書籍、映画、音楽、その他もろもろの極私的レビュー。未見の人の参考になればいいなあ。

マンハッタン

2012-11-12 18:19:18 | 映画
『マンハッタン』 ウディ・アレン   ☆☆☆☆☆

 ウディ・アレンの名作を再見。私が持っているのは米国で買ったDVDだけれど、クローズト・キャプションがついていないので、最初観た時は何喋っているのかさっぱり分からなかった。特にあの冒頭のモノローグや、クライマックスシーンの有名な「人生が生きるに値する理由」のところ。アレンの喋りを字幕なしはきつい。が、何度か観返しているうちに大体分かるようになった。

 とりあえず、ニューヨークという街とその空気感をこれ以上に洒脱に、デリケートに、美しく表現した映画を他に知らない。
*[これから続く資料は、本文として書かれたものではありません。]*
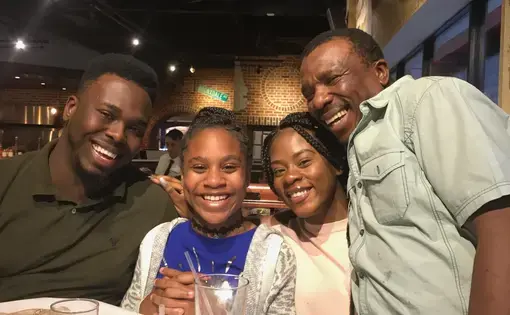 Errol Wray Jr. (left) with his two younger sisters and his dad Errol Wray Sr. during a family night out in New York City. Courtesy Errol Wray Jr.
それはモノクロの画面がニューヨーク的な光景の数々を美しく捉えているというだけでなく、この街の俗っぽく冷淡で、虚無的なくせにどこか気前の良い、いささか現実離れした街の雰囲気を見事に表現し得ているということである。マジカルな都市、ニューヨーク。そこでは42歳のおじさんと17歳の少女が恋人同士で、みんな離婚暦があり、不倫カップルが横行し、前妻があなたのセックスライフを本にして出版したりし、ついでに息子はレズビアン・カップルに育てられている。少女はロンドンに演劇の勉強に行き、台本作家はテレビ局を辞めて本を書こうとし、蛇口からは茶色の水が出る。どんなことでも起き、夢がかない、限りなく自由で、同時に限りなく不自由な街ニューヨーク。この映画の中には確かにそんなニューヨークの風が吹いている。

 そしてもちろんこの映画はニューヨーク的光景のショーケースでもあり、美しいモノクロ映像の数々には動く写真集の趣がある。ありとあらゆる場所が出てくる。カフェ、美術館、図書館、プラネタリウム、セントラル・パーク、ブルックリン・ブリッジ、ハドソン川、ダウンタウンそしてアップタウンのアパート、簡易食堂、雑貨店、テレビ局、高級デパート、公園、学校。圧巻なのは、やっぱりDVDのパッケージ写真にもなっている夜のブルックリン・ブリッジだ。パーティーのあと、意気投合したアイザックとメアリはお喋りが止まらず、犬の散歩をしながら深夜のマンハッタンを徘徊し続ける。この気軽さ、恋の始まりの高揚感。目の前には、曙光の中に浮かび上がるブルックリン・ブリッジ。何とロマンティックなシーン! そしてミスター・オクレ似のウディ・アレンがこの美しい場面の主人公として違和感なく収まってしまうのは、ニューヨークの魔法なしにはありえない。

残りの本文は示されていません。